MATERIAL TO PROCESS Start Marker

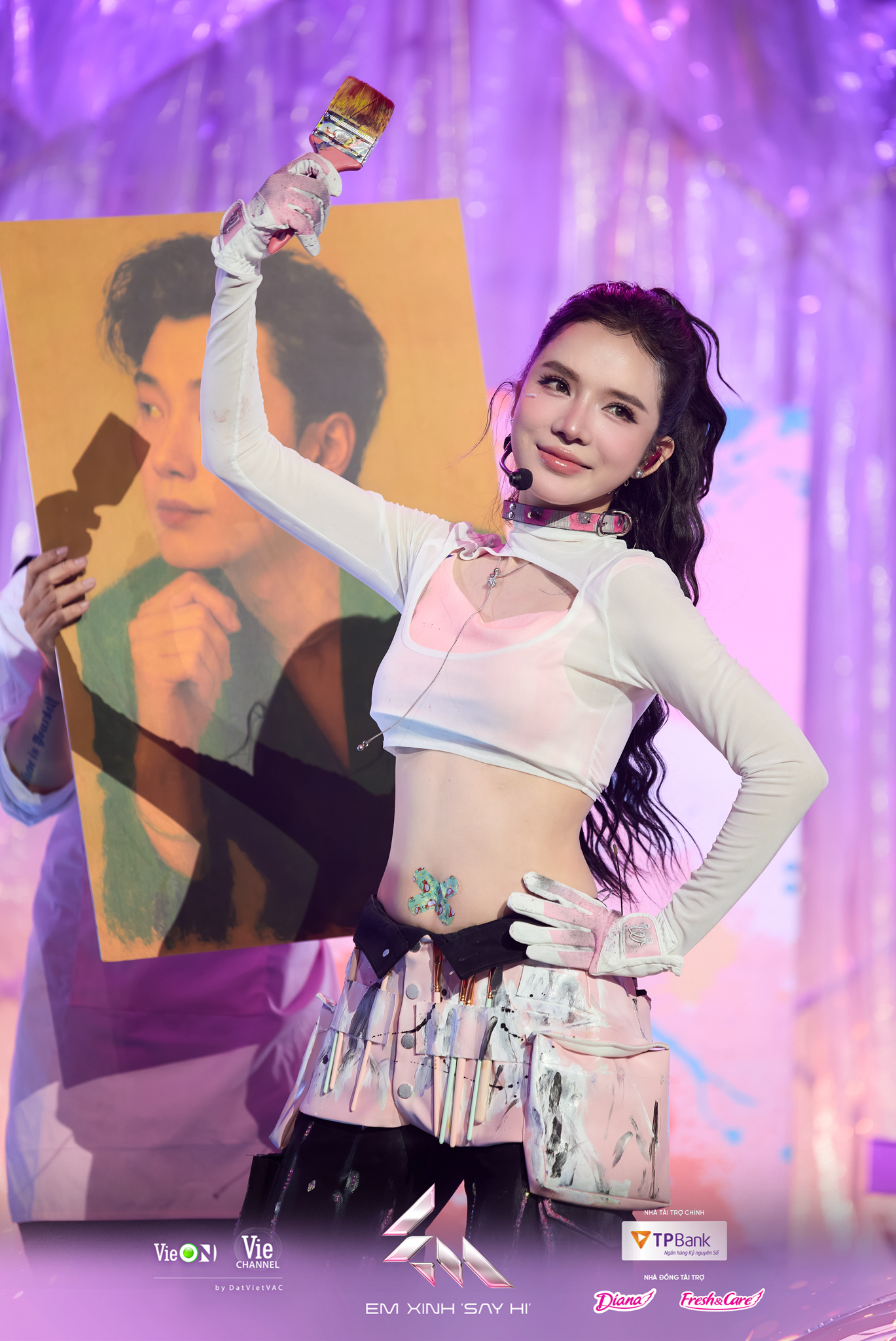 loat-chi-tiet-thu-vi-trong-trang-phuc-cua-em-xinh-tai-livestage-2-16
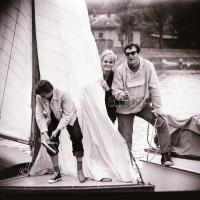 1966 Balatoni vitorláskikötőben Bujtor István színész, Kotnyek Antal (1921-1990) fotóriporter hagyat...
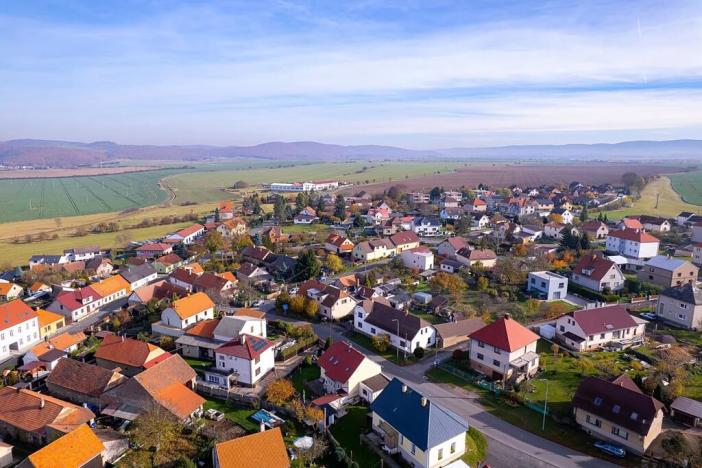 Prodej rodinného domu, Lochovice, 180 m2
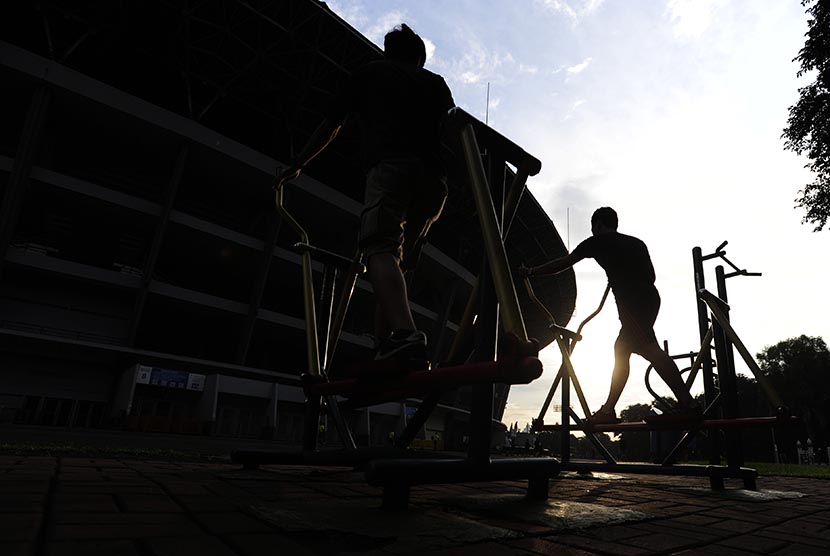 Warga berolahraga di Kawasan Stadion Utama Gelora Bung Karno (SUGBK), Jakarta, Rabu (2/3). (Antara/Wahyu Putro)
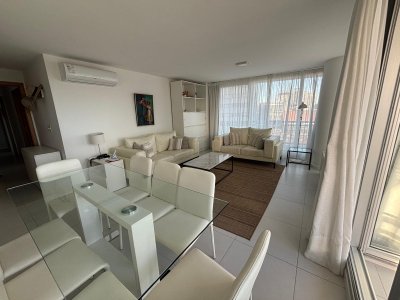 Apartamento 3 Dormitorios. Cerca de todo.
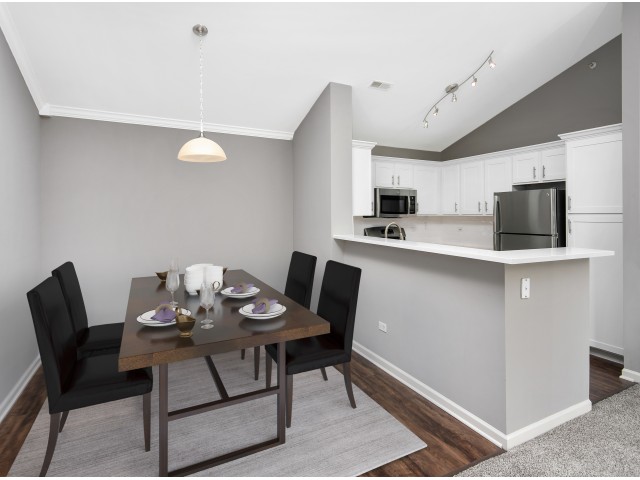 Thornberry Woods Apartment Homes Image 4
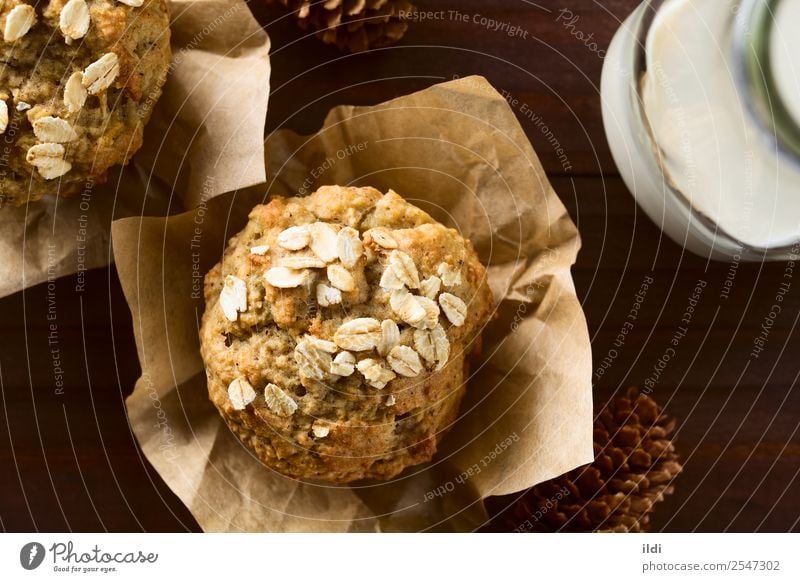 Apple and Oatmeal Muffin Bread Breakfast Fresh food Baking oatmeal grain Cereal Home-made Baked goods cake sweet Snack healthy seasonal fall American quickbread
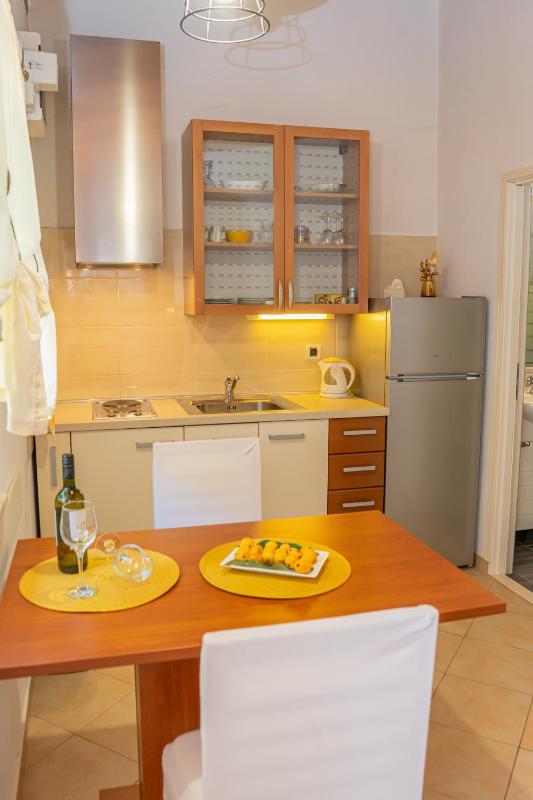Eleonora Apartments Free Parking Garden & 5 Min to Beach - image 20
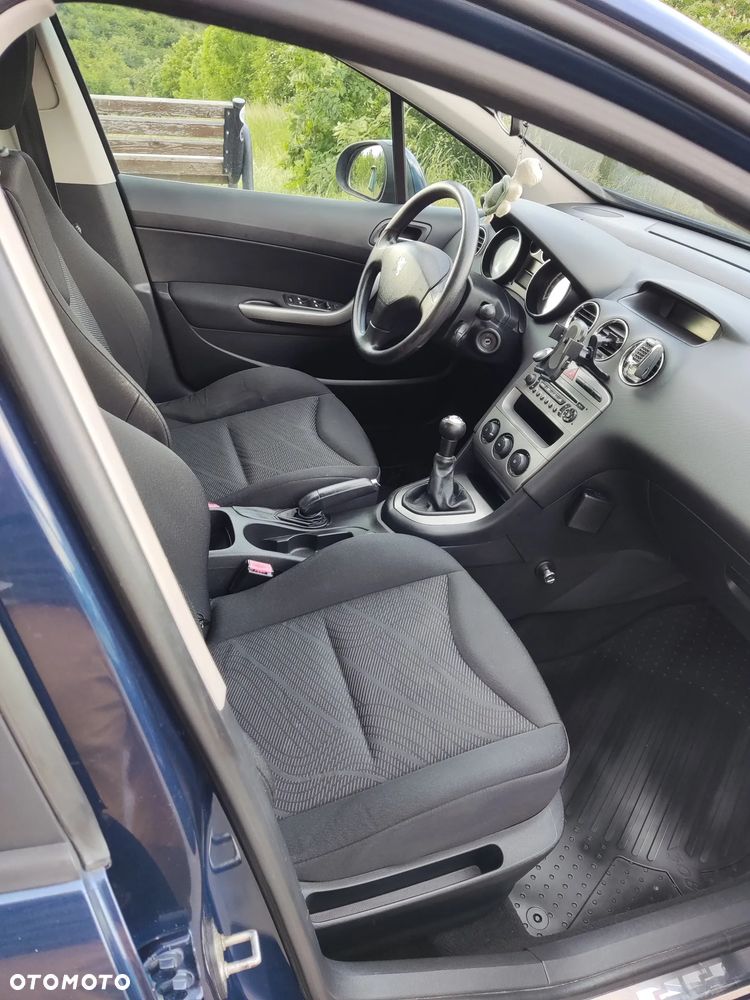 Peugeot 308 - 22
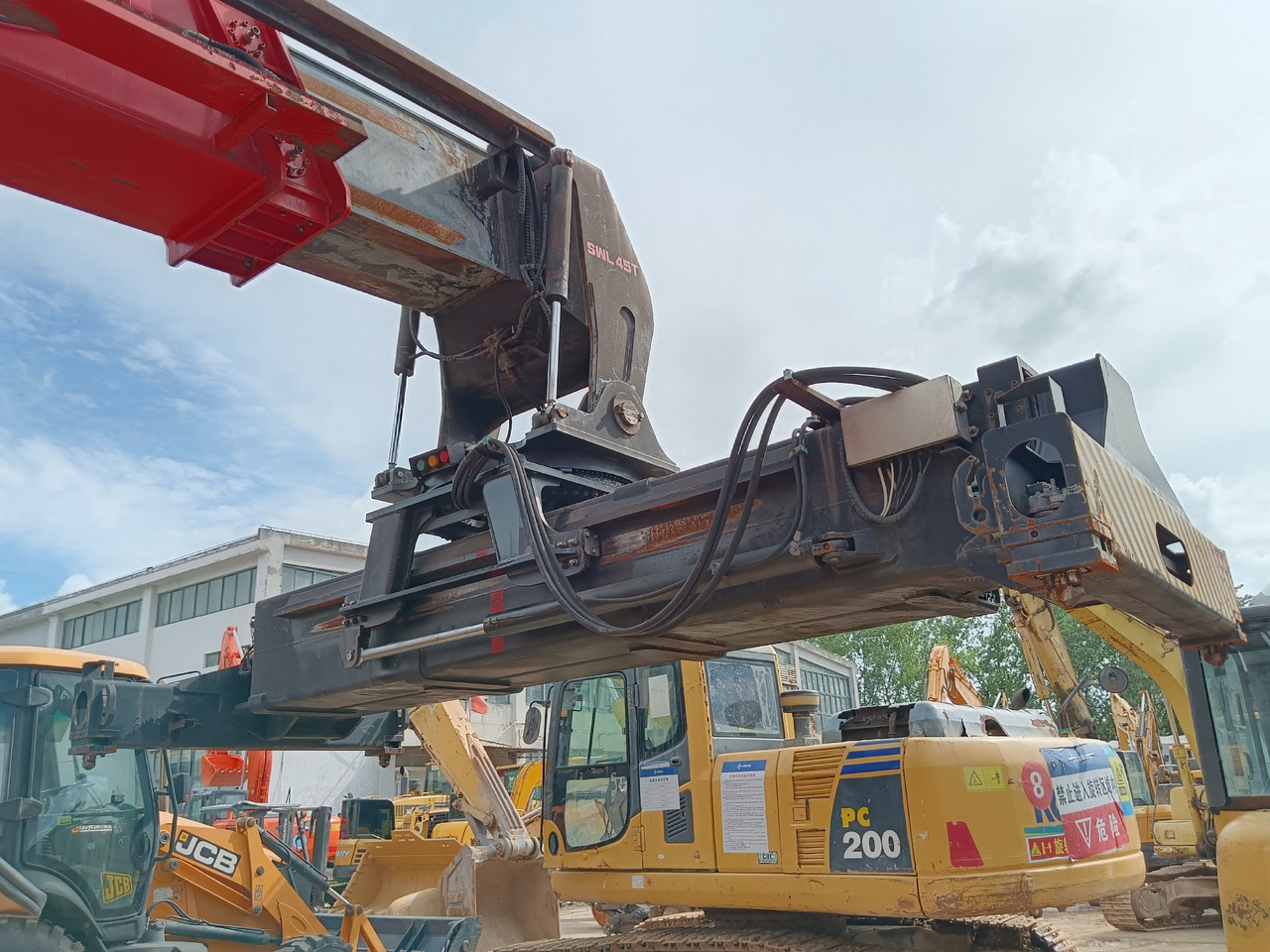 SANY SRSC45C30 45TON REACH STACKER - Reach stacker: photos 4 SANY SRSC45C30 45TON REACH STACKER - Reach stacker: photos 4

MATERIAL TO PROCESS End Marker

TASK INSTRUCTIONS ->
The answer must be the lines from the first one in the records through the line containing "Apple and Oatmeal", copied exactly, with no pictures.

SOLUTION TO THIS EXERCISE ->
 loat-chi-tiet-thu-vi-trong-trang-phuc-cua-em-xinh-tai-livestage-2-16
 1966 Balatoni vitorláskikötőben Bujtor István színész, Kotnyek Antal (1921-1990) fotóriporter hagyat...
 Prodej rodinného domu, Lochovice, 180 m2
 Warga berolahraga di Kawasan Stadion Utama Gelora Bung Karno (SUGBK), Jakarta, Rabu (2/3). (Antara/Wahyu Putro)
 Apartamento 3 Dormitorios. Cerca de todo.
 Thornberry Woods Apartment Homes Image 4
 Apple and Oatmeal Muffin Bread Breakfast Fresh food Baking oatmeal grain Cereal Home-made Baked goods cake sweet Snack healthy seasonal fall American quickbread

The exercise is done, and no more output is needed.